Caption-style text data
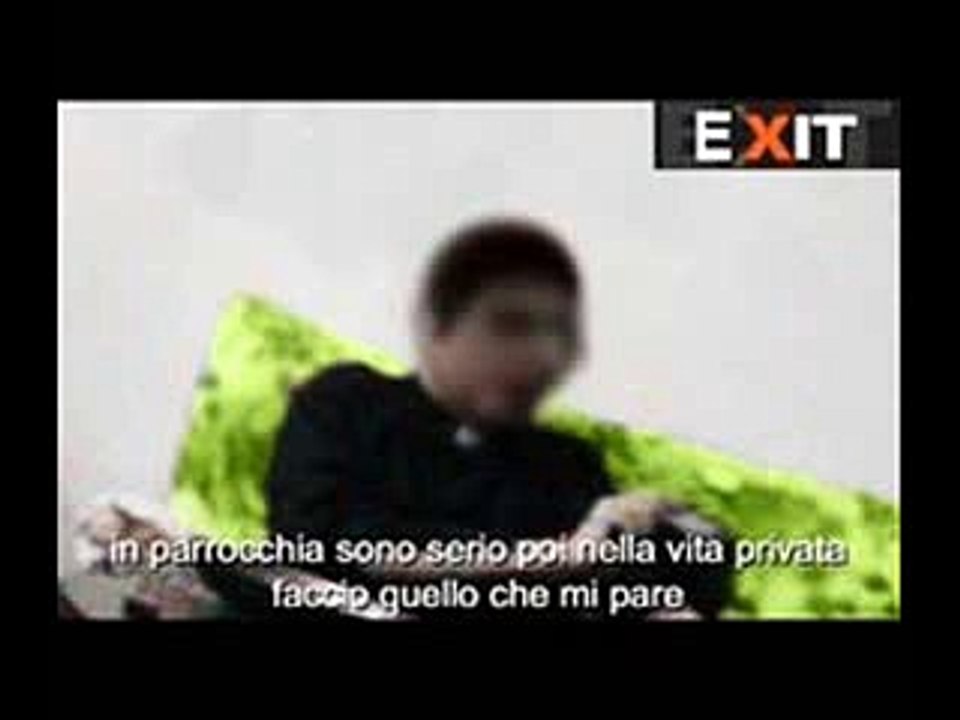El caso del Monseñor Stenico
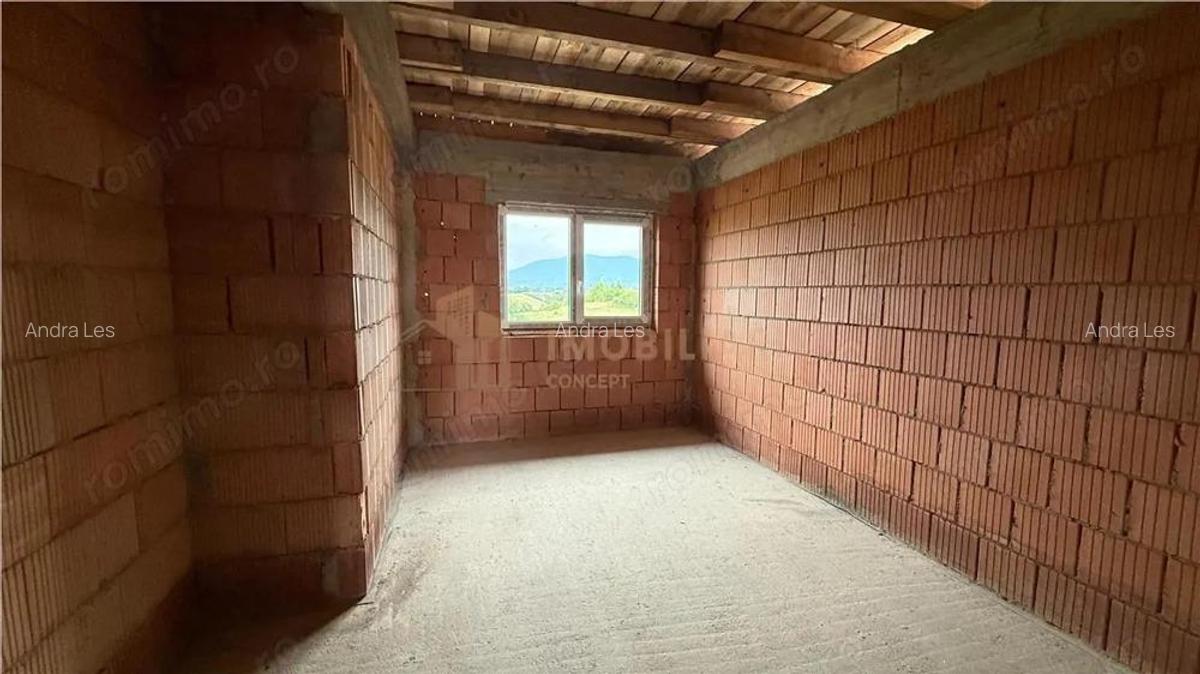 Casa pe un nivel la rosu, Mocira - 3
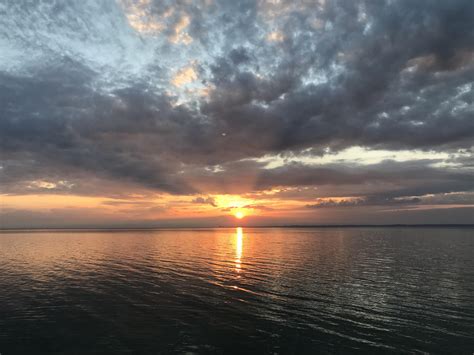 Sunrise Over Lake Michigan Rmostbeautiful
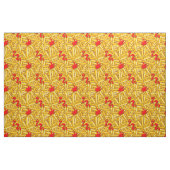 Französisch Fries mit Red Sauce Funny Stoff (Fat Quarter (45,7 x 55,9 cm))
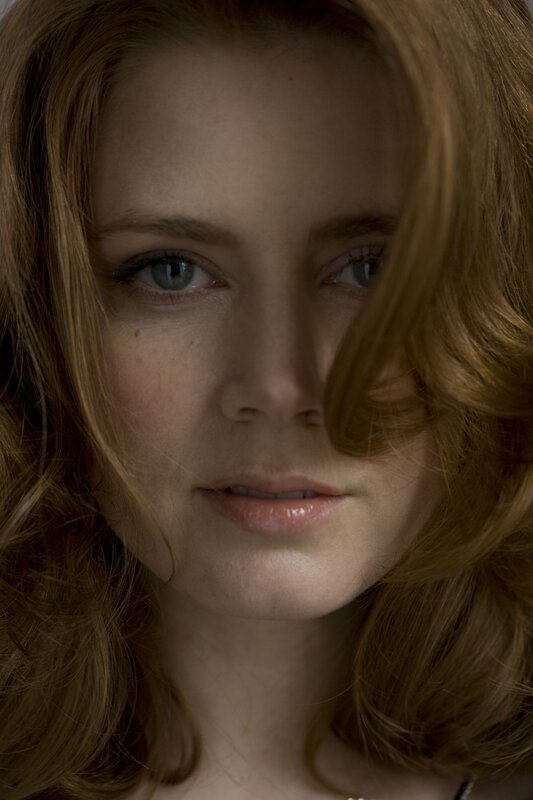 close-up portrait of a woman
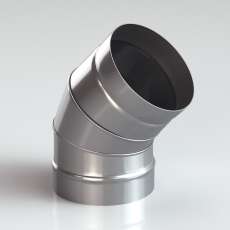 Колено (Отвод) 45 из нерж. ст. 304/0,8 мм купить в Мозыре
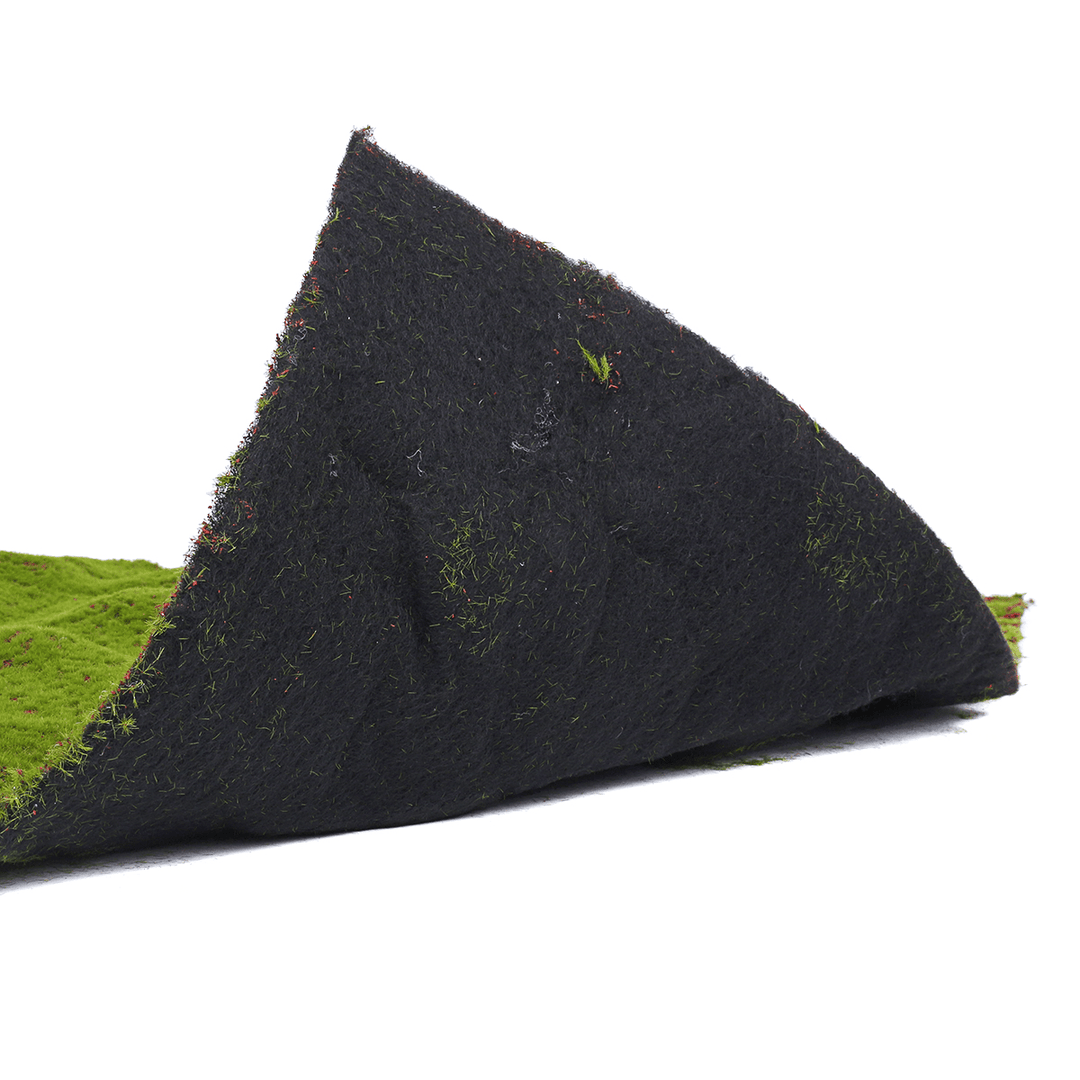 Artificial Moss Grass Synthetic Mat Landscape Lawn Pet Dog Turf Garden Yard Floor Mat - MRSLM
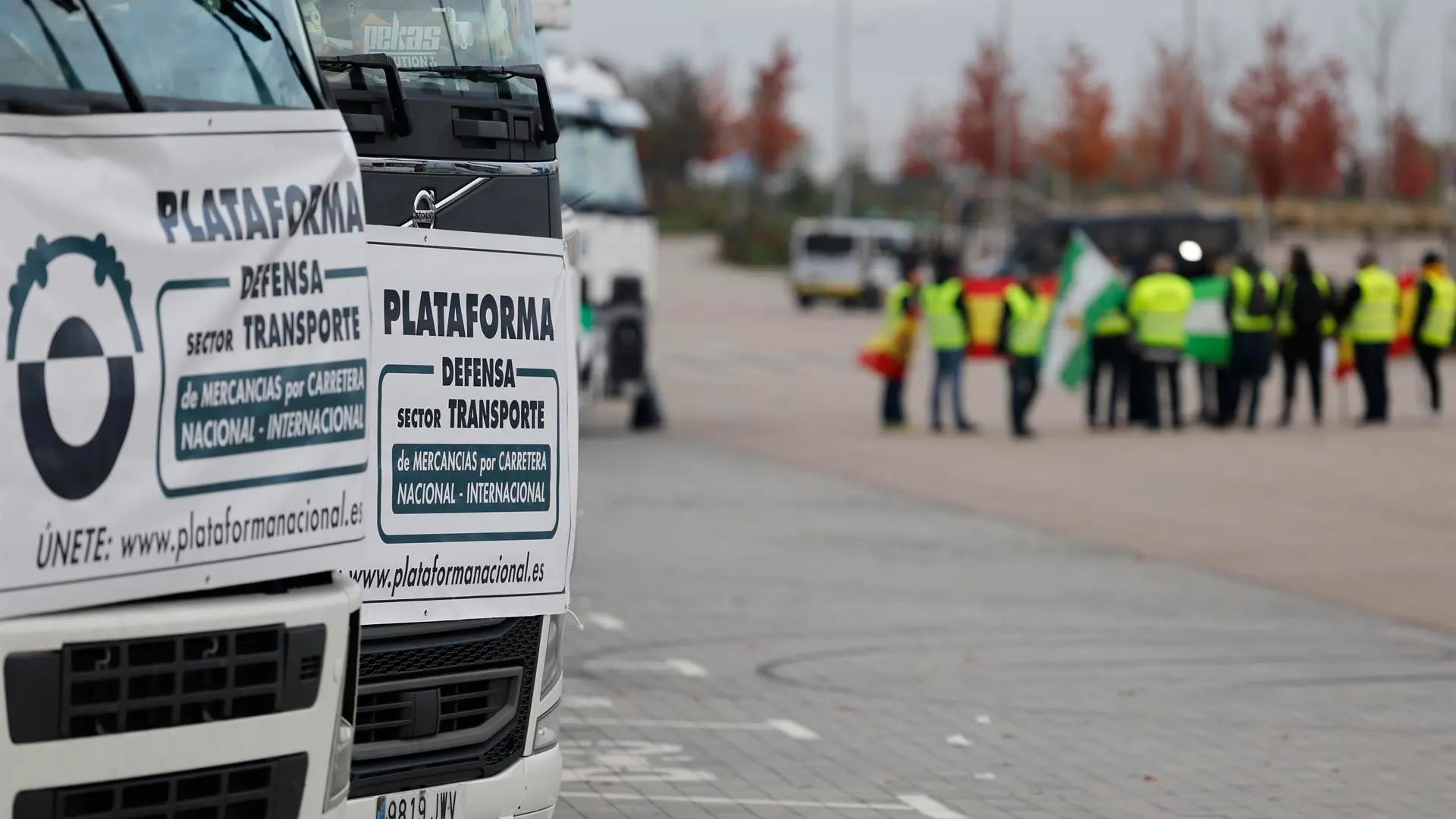 "Incidencias mínimas" y un seguimiento "minoritario" del paro de transportistas en España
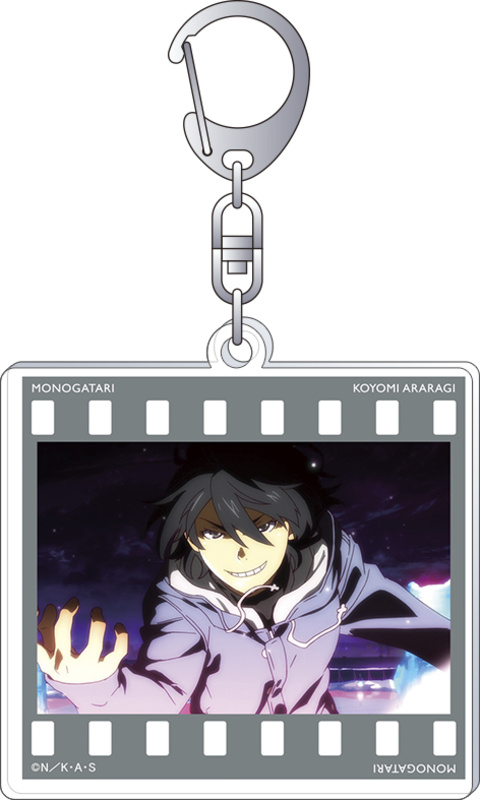 (PO) Monogatari Series Acrylic Key Chain Collection Araragi Koyomi Image_5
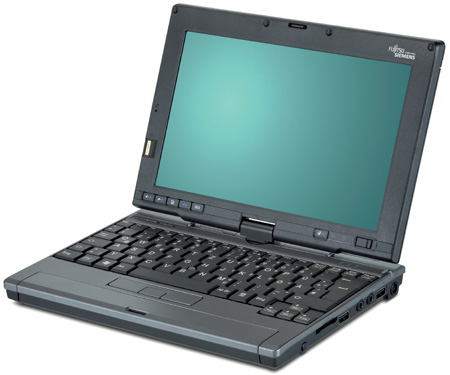 Fujitsu-Siemens Lifebook P1620 - Notebookcheck.net External Reviews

REQUIREMENT: Line by line, restate the data above exactly as it stands, minus the pictures.

SOLUTION TO THIS TASK:
El caso del Monseñor Stenico
 Casa pe un nivel la rosu, Mocira - 3
 Sunrise Over Lake Michigan Rmostbeautiful
 Französisch Fries mit Red Sauce Funny Stoff (Fat Quarter (45,7 x 55,9 cm))
 close-up portrait of a woman
 Колено (Отвод) 45 из нерж. ст. 304/0,8 мм купить в Мозыре
 Artificial Moss Grass Synthetic Mat Landscape Lawn Pet Dog Turf Garden Yard Floor Mat - MRSLM
 "Incidencias mínimas" y un seguimiento "minoritario" del paro de transportistas en España
 (PO) Monogatari Series Acrylic Key Chain Collection Araragi Koyomi Image_5
 Fujitsu-Siemens Lifebook P1620 - Notebookcheck.net External Reviews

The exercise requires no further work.